Span and Resource attributes use the OpenTelemetry geo.* semantic conventions (geo.country.iso_code, geo.region.iso_code) so standard geo tooling understands them. The client_country Prometheus label is kept as-is (short, Prometheus-idiomatic; semconv covers spans/logs/resource, not metric label names). The existing kura.region resource attribute (cloud deployment region, e.g. fr-par) is untouched and does not collide thanks to the geo. namespace.

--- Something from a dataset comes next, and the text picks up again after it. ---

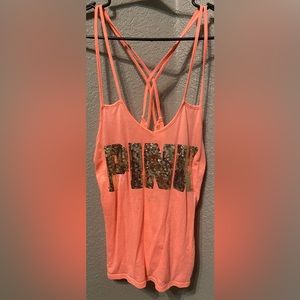 PINK neon tank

Why subdivision is traces-only

ISO 3166-2 has thousands of codes. Adding it as a Prometheus label, crossed with route × method × status, would inflate the active series on the busiest counter. Country stays on metrics because it is bounded (~250 codes); subdivision lives on sampled traces, which is enough to compute per-request geographic distance.

Resource bounds

The City dump is ~60 MiB compressed / ~125 MiB decompressed today. The download streams and aborts the moment it crosses the compressed cap; refresh is bounded to 128 MiB compressed / 256 MiB decompressed with a 60-second timeout. The vendored reader is plain process memory (not charged against Kura’s internal cache-accounting budget) and sits comfortably within the pod memory limit. Per request the only added cost is one MMDB tree walk under a read lock.

Privacy

Raw client IPs are never persisted: the address is resolved to a coarse country/subdivision in process and immediately discarded, so there is no per-account or per-user record. The emitted attributes and labels are aggregate operational signals with no account scope, so this is intentionally not added to server/data-export.md (that document is scoped to account-specific data exportable on legal request).

Testing

  • mise exec -- cargo fmt
  • mise exec -- cargo clippy --all-targets -- -D warnings (from kura/, clean)
  • mise exec -- cargo test (151 passed, 0 failed)
Comments
P
pepicrft May 16, 2026

Thanks Marek. Consolidating my updates into one comment. On your three points:

  1. Streaming download: fixed in 4a3e8b38a2. It streams the body and bails the moment it crosses the compressed cap, so reqwest never buffers an oversized response.

  2. Subdivision: took your suggestion and ran with it. Switched the vendored DB to DB-IP City Lite, so we now emit ISO 3166-2 (US-CA, CA-ON, AU-NSW, etc.) for both the client and the serving node, falling back to country when subdivision is missing. It’s traces-only and deliberately off the Prometheus labels, since ISO 3166-2 is thousands of codes and would blow up cardinality on the busiest counter; country stays on metrics since it’s bounded (~250 codes).

Two follow-on decisions baked in:

  • Naming follows the OTel geo.* semantic conventions (geo.country.iso_code / geo.region.iso_code) on spans and the node resource, so Grafana/Tempo read them directly. The client_country Prometheus label is kept as-is and kura.region (the cloud deployment region) is untouched; the geo. namespace keeps them from clashing.
  • Resource bounds: measured the City dump at ~60MiB compressed / ~125MiB decompressed, refresh capped at 128/256MiB. For the record, my earlier memory-budget worry was off: the 768MiB is Kura’s internal cache-accounting Helm value, not an OS ceiling, and the real limit is the ~2Gi pod, which we’re comfortably within.

PR title and description are updated to match. Good call starting at subdivision, much more actionable for the big markets you flagged.